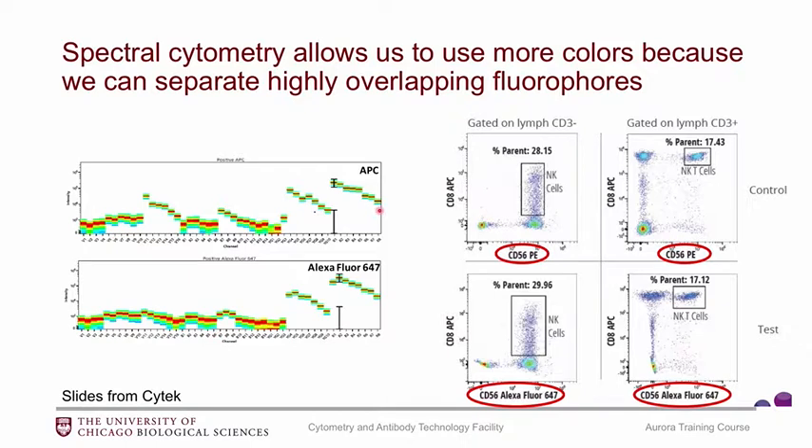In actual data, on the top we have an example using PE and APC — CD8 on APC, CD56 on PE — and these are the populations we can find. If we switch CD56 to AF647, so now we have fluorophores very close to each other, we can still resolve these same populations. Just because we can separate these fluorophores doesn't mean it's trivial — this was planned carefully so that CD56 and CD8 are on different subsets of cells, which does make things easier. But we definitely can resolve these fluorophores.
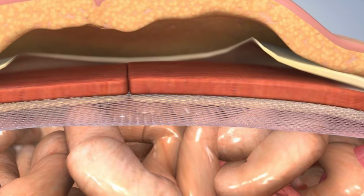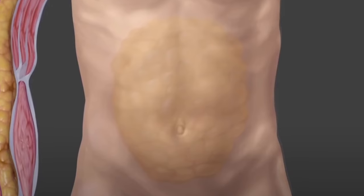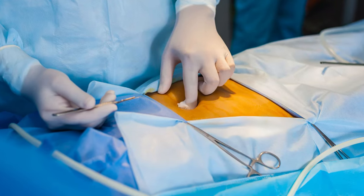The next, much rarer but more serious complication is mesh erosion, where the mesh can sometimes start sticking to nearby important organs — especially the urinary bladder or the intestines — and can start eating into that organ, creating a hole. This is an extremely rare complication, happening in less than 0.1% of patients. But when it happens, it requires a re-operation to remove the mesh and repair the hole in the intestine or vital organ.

*****

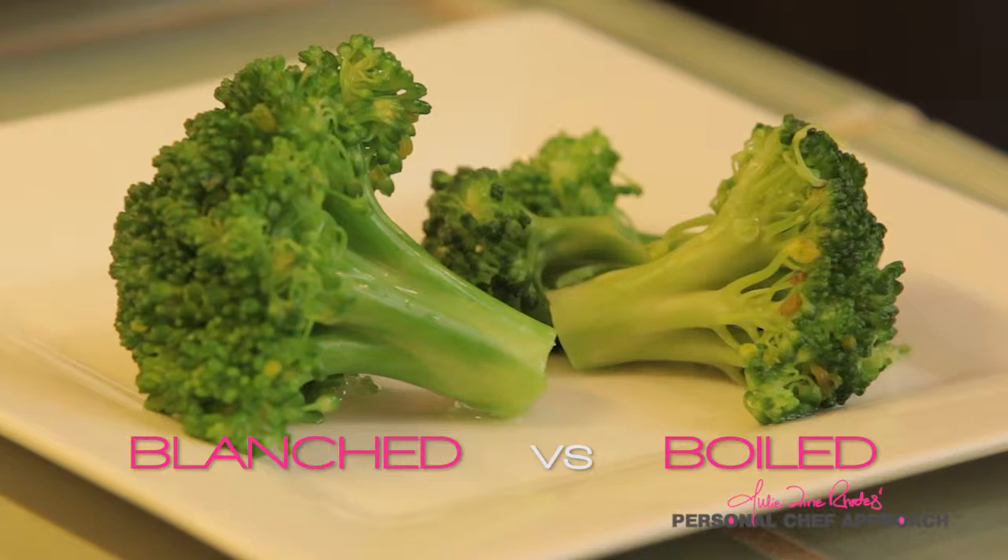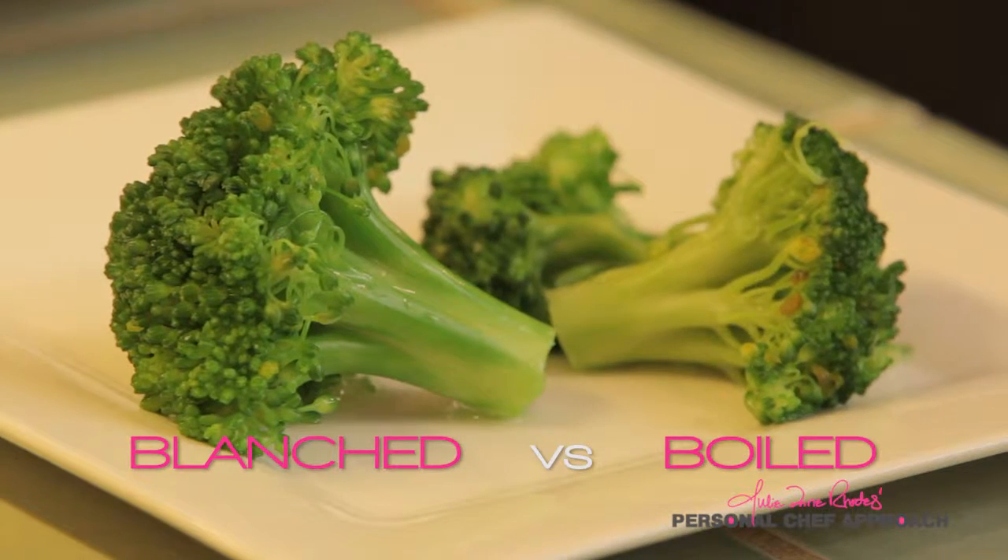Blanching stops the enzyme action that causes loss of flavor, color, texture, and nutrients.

*****

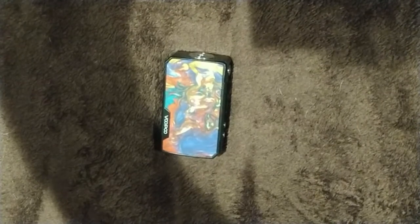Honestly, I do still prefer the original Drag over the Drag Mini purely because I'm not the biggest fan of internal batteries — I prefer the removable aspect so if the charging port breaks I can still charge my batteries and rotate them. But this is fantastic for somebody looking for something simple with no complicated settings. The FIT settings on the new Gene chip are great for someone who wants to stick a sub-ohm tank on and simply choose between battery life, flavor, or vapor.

*****

● What is required: In the listing above, find the line containing "In actual data, on" and the line containing "The next, much". Print those two lines and every line between them exactly, with no pictures.

● Response to the task:
In actual data, on the top we have an example using PE and APC — CD8 on APC, CD56 on PE — and these are the populations we can find. If we switch CD56 to AF647, so now we have fluorophores very close to each other, we can still resolve these same populations. Just because we can separate these fluorophores doesn't mean it's trivial — this was planned carefully so that CD56 and CD8 are on different subsets of cells, which does make things easier. But we definitely can resolve these fluorophores.
The next, much rarer but more serious complication is mesh erosion, where the mesh can sometimes start sticking to nearby important organs — especially the urinary bladder or the intestines — and can start eating into that organ, creating a hole. This is an extremely rare complication, happening in less than 0.1% of patients. But when it happens, it requires a re-operation to remove the mesh and repair the hole in the intestine or vital organ.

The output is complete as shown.